BRIEF COMMUNICATIONS

Echocardiographic and surgical correlation of pericardial effusions in patients with malignant disease

F. Ida Hsu, BAa, Deborah Keefe, MDb,c, Dawn Desiderio, MDc, Robert J. Downey, MDa,c

New York, N.Y.

From the Divisions of Thoracic Surgerya and Cardiologyb and the Department of Anesthesia and Critical Care,c Memorial Sloan-Kettering Cancer Center, New York, N.Y.

Received for publication Sept. 5, 1997. Accepted for publication Dec. 5, 1997. Address for reprints: Robert J. Downey, MD, Division of Thoracic Surgery, Memorial Sloan-Kettering Cancer Center, 1275 York Ave., New York, NY 10021.

Malignant disease is present in the pericardium of 15% to 20% of patients dying of cancer and examined post mortem,Go 1 and malignancy is the most common cause of cardiac tamponade in patients without previously suspected cancer.Go 2 Currently, the most sensitive and the least invasive method for detecting pericardial effusions is echocardiography, which can detect effusions as small as 15 ml, characterize total volume, and demonstrate the presence of fibrin bands, pericardial masses, loculations, thickened pericardial membranes, chamber compression, and dilatation of the inferior vena cava.Go Go 2,3 However, it has not been clearly established whether such echocardiographically obtained information can characterize a pericardial effusion as being malignant or benign. Similarly, although needle pericardiocentesis is effective in draining pericardial effusions, it is unknown whether the additional information gained by histologic examination of pericardial tissue obtained during the performance of a pericardial window will increase the frequency of detection of malignant effusions. Defining the disease processes leading to an effusion is critical, because both overall prognosis and the treatment choice may be altered,Go 4 and for a marginally stable patient with a potentially limited outlook, extensively invasive intervention may be inappropriate. Therefore, this retrospective study attempts (1) to correlate various echocardiographic signs with pathologic specimens to determine whether echocardiography may reliably characterize an effusion as malignant or benign and (2) to examine the sensitivity and specificity of pericardial fluid cytology and pericardial tissue histology in establishing the presence of intrapericardial malignant disease.

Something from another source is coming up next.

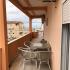 Apartmani Šejla, , Privatunterkunft im Ort Dobre Vode, Montenegro - Screenshot_20230614-222549_OneDrive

The records of 25 patients seen at Memorial Sloan-Kettering Cancer Center during the period of January 1, 1993, to December 30, 1994, with a history of malignant disease, transthoracic echocardiograms demonstrating pericardial fluid, and subsequent pericardial fluid and tissue submitted for analysis were reviewed. All patients were grouped into one of two categories: those with malignant effusions and those with benign effusions. Intrapericardial malignancy was diagnosed when cytologic examination of pericardial fluid and/or pathologic examination of pericardial tissue demonstrated malignant cells. In addition, patient records were reviewed for age, sex, primary cancer diagnosis, prior thoracic irradiation, cardiac function, and relevant laboratory findings. All echocardiograms were again reviewed by one author (D.K.), blinded to cytologic and pathologic data, for the following: size of effusion; degree of collapse of the right atrium; right ventricle, or left atrium, dilatation of the inferior vena cava; and the presence of fibrin bands, loculations, or pericardial masses.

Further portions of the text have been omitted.